Friday, May 22, 2009

Calling phones through Minicom and CDMA ruim card/PCMCIA

I needed a cheap PCMCIA Express card for my CDMA card to access the Internet. I bought this one. Called SEP 6000, the application only works in Windows and unfortunately is a piece of junk. Most of the times, it would stop immediately after I start the application (by the way executable is srt.exe) telling me that ruim card is not found. The choices are abort, ok and cancel. If I click abort, sometimes I can use the internet but that's it. I can't call or send or receive SMS.

But I don't need the call and SMS features right? After all, I bought the card for Internet. Not true, turned out that the only way I can charge (or recharge) money in the phone account is by calling. No other way. A really crappy telephone company.

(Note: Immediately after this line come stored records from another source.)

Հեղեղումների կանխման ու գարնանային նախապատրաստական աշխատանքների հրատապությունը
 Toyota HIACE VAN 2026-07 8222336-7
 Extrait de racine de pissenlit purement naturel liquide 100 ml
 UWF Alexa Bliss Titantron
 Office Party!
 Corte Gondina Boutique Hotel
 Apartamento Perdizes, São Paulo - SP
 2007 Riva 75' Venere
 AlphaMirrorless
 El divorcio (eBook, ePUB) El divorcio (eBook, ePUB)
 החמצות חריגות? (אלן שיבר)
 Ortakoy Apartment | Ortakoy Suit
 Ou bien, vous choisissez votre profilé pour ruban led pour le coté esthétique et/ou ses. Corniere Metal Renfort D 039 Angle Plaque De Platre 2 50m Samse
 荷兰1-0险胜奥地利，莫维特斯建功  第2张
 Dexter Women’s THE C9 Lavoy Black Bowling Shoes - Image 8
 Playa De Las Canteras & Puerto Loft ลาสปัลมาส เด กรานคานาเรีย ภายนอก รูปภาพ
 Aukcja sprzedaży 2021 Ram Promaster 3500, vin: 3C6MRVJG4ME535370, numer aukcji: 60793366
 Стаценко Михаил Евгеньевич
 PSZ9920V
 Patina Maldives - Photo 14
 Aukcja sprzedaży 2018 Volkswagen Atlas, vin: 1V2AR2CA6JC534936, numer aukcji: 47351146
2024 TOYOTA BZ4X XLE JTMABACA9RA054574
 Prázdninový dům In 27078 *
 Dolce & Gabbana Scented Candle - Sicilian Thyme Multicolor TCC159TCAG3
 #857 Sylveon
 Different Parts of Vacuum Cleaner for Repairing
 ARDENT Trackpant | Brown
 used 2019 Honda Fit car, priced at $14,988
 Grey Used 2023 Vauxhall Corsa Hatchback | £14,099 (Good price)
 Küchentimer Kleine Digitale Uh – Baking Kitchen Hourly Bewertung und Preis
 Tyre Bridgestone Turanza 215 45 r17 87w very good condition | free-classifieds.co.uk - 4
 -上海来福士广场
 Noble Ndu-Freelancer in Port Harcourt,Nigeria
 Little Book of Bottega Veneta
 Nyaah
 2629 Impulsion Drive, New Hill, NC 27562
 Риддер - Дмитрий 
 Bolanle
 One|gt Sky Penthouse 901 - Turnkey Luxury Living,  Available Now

So I needed to charge the account last week but the windows application refused to work. Maybe it is Vista, the worst operating system in the world, or maybe it is that awful application that the crappy Chinese company made -no quality control, no testing, and no feedbacks. Immediately after I started the application, it would hang and the ominous windows message- the application needs to close- pops up.

Most of the times I use Linux, right now Mandriva 2009.1 to be precise, and I need to reboot to Vista to do these stupid things (like recharge account) and use applications that don't work in Linux (like this one). Since the windows application would not work,I had no choice but to do something in Linux.

First I downloaded BitPim and then Gammu and Gnokii . Through BitPim, with a little bit of tweaking I can access the ruim memory to see the SMSs and that's all. I could not get the phone to work from either Gammu and Gnokii even though I tried a lot.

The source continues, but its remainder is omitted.